Treat the line containing "bricks icon. Elements" as the first line of the answer and the last line of the data as its final line, reproducing every line between exactly.
##### Exercise materials
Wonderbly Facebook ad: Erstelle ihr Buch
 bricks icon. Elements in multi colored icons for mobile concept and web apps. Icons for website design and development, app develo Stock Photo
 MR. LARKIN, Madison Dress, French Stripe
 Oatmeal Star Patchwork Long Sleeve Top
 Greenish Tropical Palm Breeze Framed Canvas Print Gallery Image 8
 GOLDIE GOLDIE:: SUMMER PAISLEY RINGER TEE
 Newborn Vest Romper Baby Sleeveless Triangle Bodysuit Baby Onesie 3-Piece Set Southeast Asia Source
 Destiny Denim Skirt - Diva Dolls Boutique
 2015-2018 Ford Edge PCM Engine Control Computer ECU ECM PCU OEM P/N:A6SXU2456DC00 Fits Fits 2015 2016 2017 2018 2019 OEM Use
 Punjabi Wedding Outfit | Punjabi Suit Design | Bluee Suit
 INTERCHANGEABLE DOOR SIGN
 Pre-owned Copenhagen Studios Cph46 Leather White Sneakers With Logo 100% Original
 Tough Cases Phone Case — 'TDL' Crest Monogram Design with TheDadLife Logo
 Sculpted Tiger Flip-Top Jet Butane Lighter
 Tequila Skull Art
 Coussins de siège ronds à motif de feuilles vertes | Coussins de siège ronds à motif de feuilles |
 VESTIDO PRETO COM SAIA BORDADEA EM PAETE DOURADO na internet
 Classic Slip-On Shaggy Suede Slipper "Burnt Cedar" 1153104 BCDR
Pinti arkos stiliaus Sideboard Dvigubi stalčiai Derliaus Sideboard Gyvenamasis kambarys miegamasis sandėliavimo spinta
##########
» **Solved problem**:
 bricks icon. Elements in multi colored icons for mobile concept and web apps. Icons for website design and development, app develo Stock Photo
 MR. LARKIN, Madison Dress, French Stripe
 Oatmeal Star Patchwork Long Sleeve Top
 Greenish Tropical Palm Breeze Framed Canvas Print Gallery Image 8
 GOLDIE GOLDIE:: SUMMER PAISLEY RINGER TEE
 Newborn Vest Romper Baby Sleeveless Triangle Bodysuit Baby Onesie 3-Piece Set Southeast Asia Source
 Destiny Denim Skirt - Diva Dolls Boutique
 2015-2018 Ford Edge PCM Engine Control Computer ECU ECM PCU OEM P/N:A6SXU2456DC00 Fits Fits 2015 2016 2017 2018 2019 OEM Use
 Punjabi Wedding Outfit | Punjabi Suit Design | Bluee Suit
 INTERCHANGEABLE DOOR SIGN
 Pre-owned Copenhagen Studios Cph46 Leather White Sneakers With Logo 100% Original
 Tough Cases Phone Case — 'TDL' Crest Monogram Design with TheDadLife Logo
 Sculpted Tiger Flip-Top Jet Butane Lighter
 Tequila Skull Art
 Coussins de siège ronds à motif de feuilles vertes | Coussins de siège ronds à motif de feuilles |
 VESTIDO PRETO COM SAIA BORDADEA EM PAETE DOURADO na internet
 Classic Slip-On Shaggy Suede Slipper "Burnt Cedar" 1153104 BCDR
Pinti arkos stiliaus Sideboard Dvigubi stalčiai Derliaus Sideboard Gyvenamasis kambarys miegamasis sandėliavimo spinta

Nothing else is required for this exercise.